No tempo presente, a sofisticação e o avanço da inteligência artificial, replica com um grande esmero, as funções cognitivas humanas.

O aprendizado de máquina, hoje, supera o raciocínio humano em cálculos, correlações instantâneas, reconhecimento de padrões em determinados contextos, como, por exemplo, leituras faciais e outros.

Mas tudo isso ainda seria rudimentar diante da humanidade, se houvesse um compromisso desta raça com o desenvolvimento da sua complexa perceção sensorial, emocional e integrativa.

As decisões tomadas por nós, mesmo as mais simples, envolvem o trabalho complexo de várias áreas cerebrais que são normalmente guiadas pelas ideias coletadas por nossos sentidos.

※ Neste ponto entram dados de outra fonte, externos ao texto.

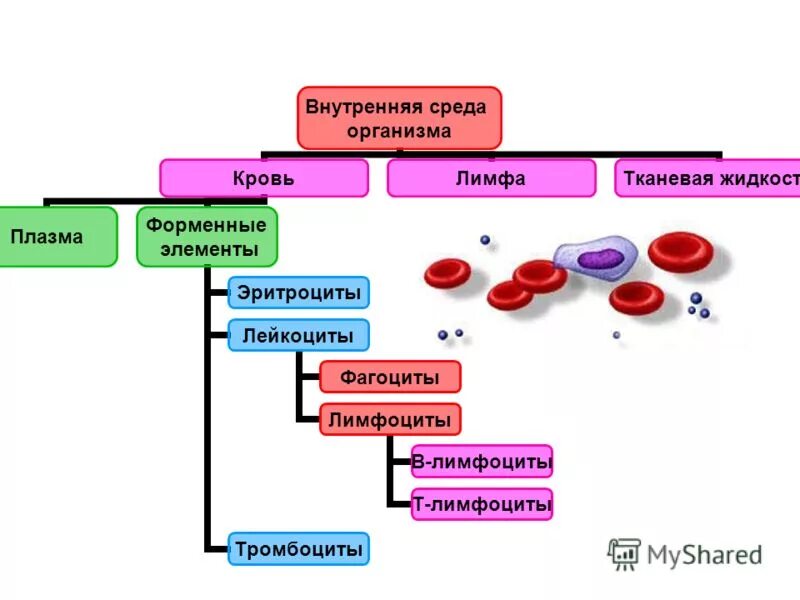 Схема кровь плазма форменные элементы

Essas respostas de mecanismos neuronais passam pela sensibilidade do sujeito, do seu ambiente e das suas crenças.

Qualquer decisão é composta por processos que ocorrem sequencialmente: acumulamos as informações, analisamos as opções disponíveis, consultamos as nossas preferências, restrições e com base nestes elementos, avançamos de forma confiável para a aventura da deliberação.

Para decidir, usamos uma imensa rede neuronal composta por algumas centenas de correlações que repercutem reflexos e propagam, em grande velocidade, a sua atividade na definição do nosso veredito.

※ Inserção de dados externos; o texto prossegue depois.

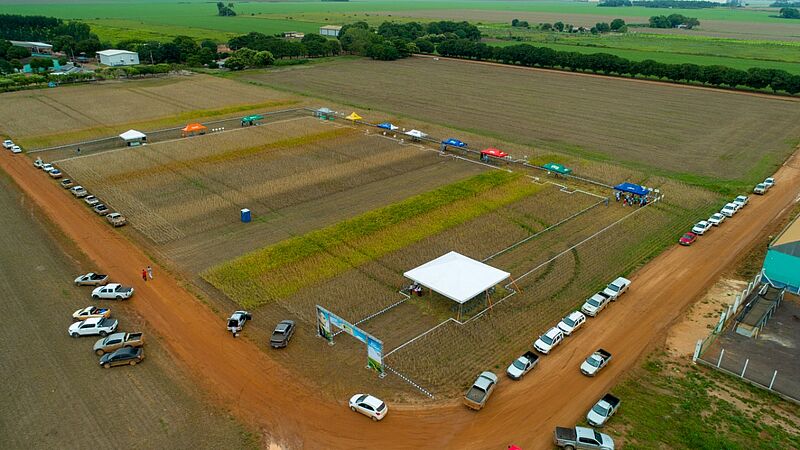 Dia_de_Campo_Sinagro_Querencia_MT_01.jpg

Nisso podemos argumentar que os nossos antepassados tinham uma certa tranquilidade: viviam num mundo muito mais simples do que o atual e as suas opções de escolhas eram muito mais restritas.

Atualmente, com tantas opções, usamos os sentidos como aliados, mas por vezes eles não bloqueiam a paralisia que assalta muitos de nós. Em dado momento, sentimos que os nossos poderosos heróis ficam confinados diante de um labirinto de infinitas alternativas.

Para exemplificar tal evidência, imagine-se no corredor de um supermercado com a simples ação de decidir por uma polpa de tomate para fazer a massa do jantar.

Nesse contexto pode-se prever duas atitudes: escolher pela marca habitual e repetir a experiência de sabor que tem referência, ou mais desafiante, diante daquelas outras marcas não conhecidas, escolher outra para diferenciar o palato. Essa simples atitude nos leva a outras questões, como o custo-benefício, ingredientes arrolados no rótulo, tempo de escolha…

Há uma área derivada da fusão da neurociência com a economia que aspira entender os processos mentais através dos quais atribuímos valores económicos aos artefactos, produtos e serviços. Ela defende que baseamos as nossas tendências em recompensas que são inerentes a cada um.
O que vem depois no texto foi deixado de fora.